Responsible AI is the practice of designing, deploying, and operating AI systems in a lawful, ethical, and safe way, with clear accountability.

Also known as: Trustworthy AI, Ethical AI, Responsible artificial intelligence

Definition

Responsible AI is a set of principles and operational practices that ensure an AI system is built and used in a way that is safe, compliant, and worthy of user trust.
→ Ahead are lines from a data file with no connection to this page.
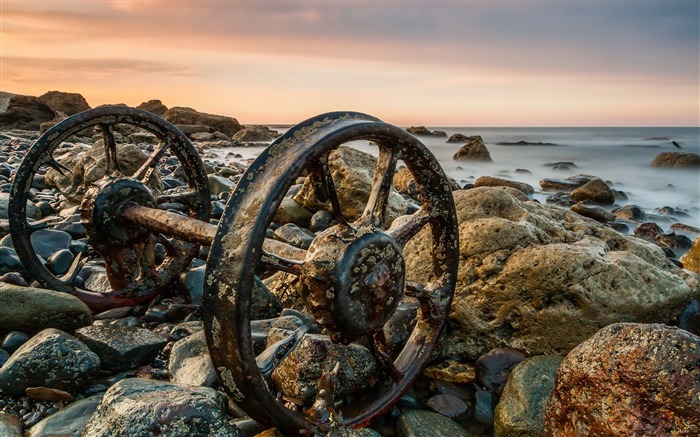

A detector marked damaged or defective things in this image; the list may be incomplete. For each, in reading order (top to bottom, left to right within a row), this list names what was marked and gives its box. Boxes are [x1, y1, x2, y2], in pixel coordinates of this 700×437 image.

rusty iron wheel [7, 105, 211, 310]
rusty iron wheel [202, 111, 460, 432]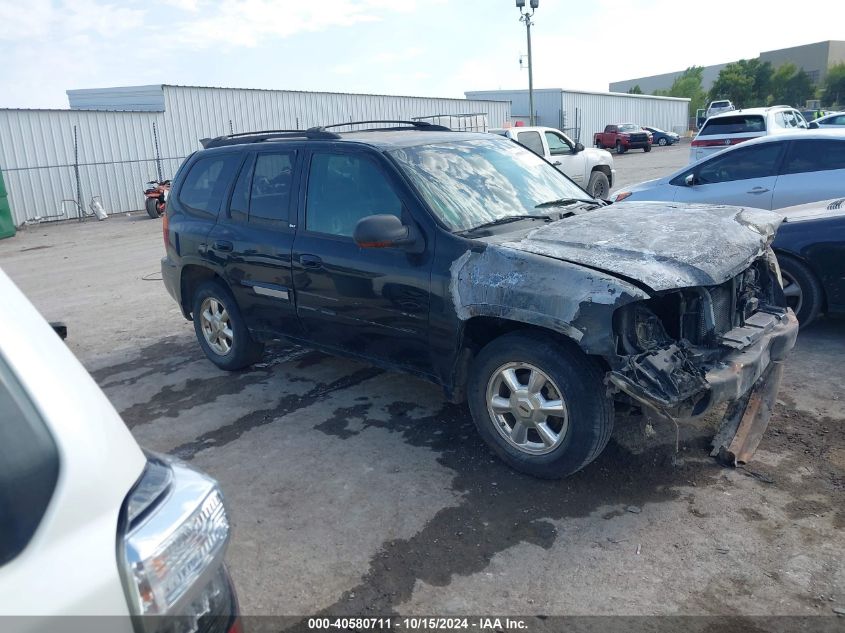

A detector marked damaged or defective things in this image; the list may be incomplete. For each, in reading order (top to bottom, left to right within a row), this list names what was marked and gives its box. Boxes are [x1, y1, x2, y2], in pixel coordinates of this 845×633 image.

crumpled hood [502, 202, 784, 292]
damaged front end [608, 254, 796, 466]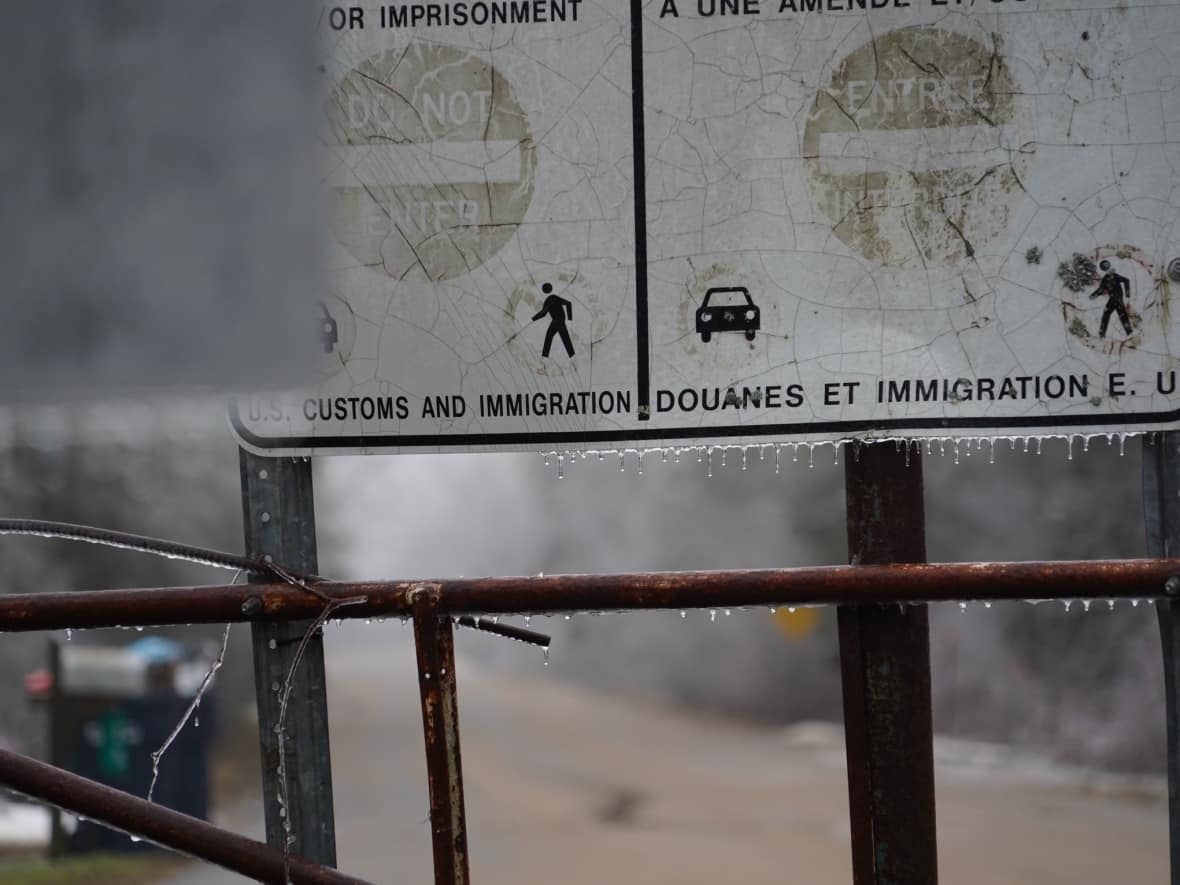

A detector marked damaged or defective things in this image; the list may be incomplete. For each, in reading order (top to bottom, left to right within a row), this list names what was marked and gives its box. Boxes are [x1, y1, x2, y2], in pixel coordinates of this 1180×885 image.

rusty metal railing [0, 556, 1176, 880]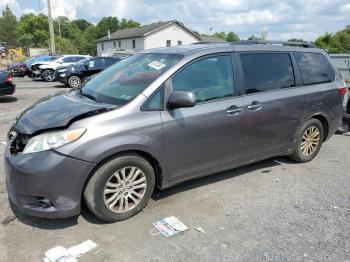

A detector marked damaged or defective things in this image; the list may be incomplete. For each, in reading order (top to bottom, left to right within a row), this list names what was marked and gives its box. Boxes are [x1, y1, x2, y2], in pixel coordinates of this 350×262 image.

bent hood [12, 90, 112, 135]
damaged minivan [3, 42, 348, 222]
wrecked black suv [3, 42, 348, 222]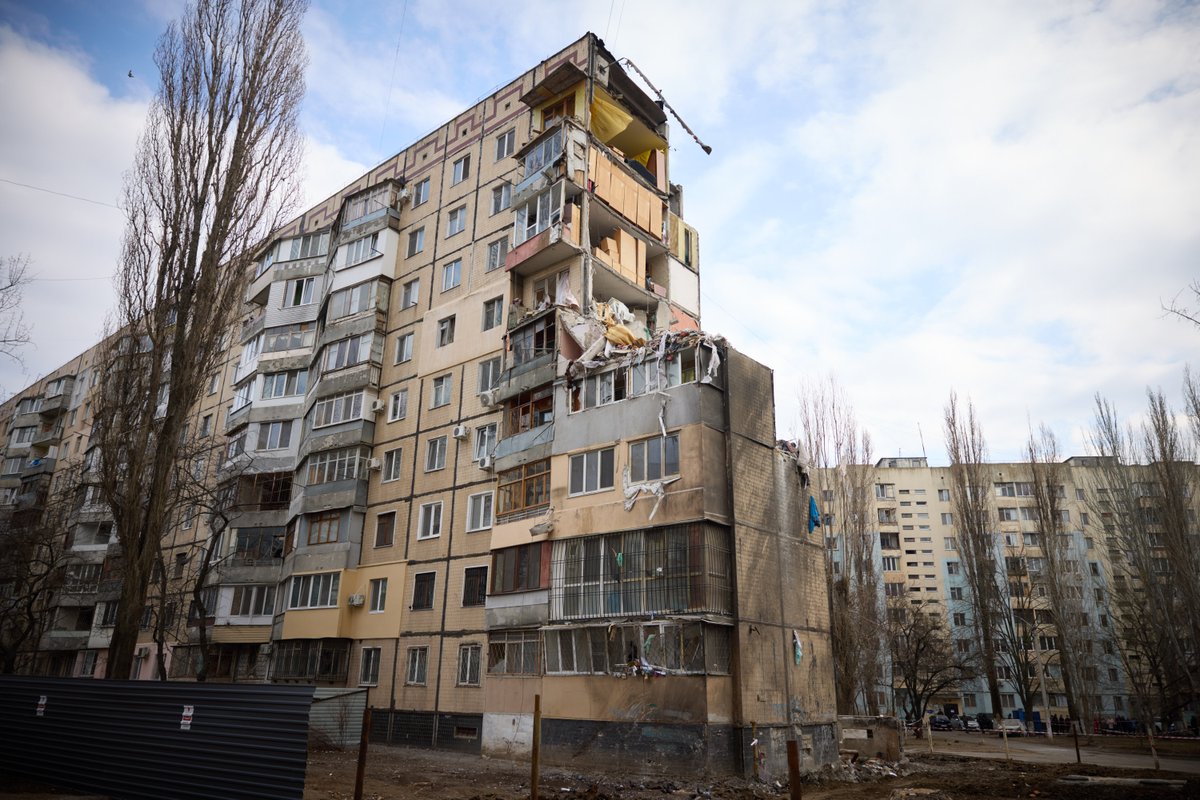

It is not a single feature; it is governance across the full lifecycle (design, data, training, deployment, monitoring, and retirement).

Why it matters

  • Trust: professionals adopt AI only when they can justify and defend its outputs.
  • Compliance: regulations (like the EU AI Act) require concrete controls, not marketing claims.
  • Risk: AI failures often come from process gaps (no oversight, weak documentation, no monitoring).

How it works

Governance + risk management + oversight + transparency + data discipline -> responsible outcomes

In practice this means: clear ownership, documented intended use, risk controls, monitoring, and the ability for humans to intervene.

Practical example

A legal research assistant is designed so that every answer is grounded in sources, uncertainty is surfaced, and a professional must review before advice is sent to a client.

Common questions

Q: Is Responsible AI the same as “AI ethics”?

A: Ethics is part of it. Responsible AI also includes operational controls: monitoring, documentation, accountability, and compliance.

Q: Who is responsible: the vendor or the user?

A: Usually both. Providers and deployers have different responsibilities, and governance should make those boundaries explicit.


References

European Commission (2019), Ethics Guidelines for Trustworthy AI.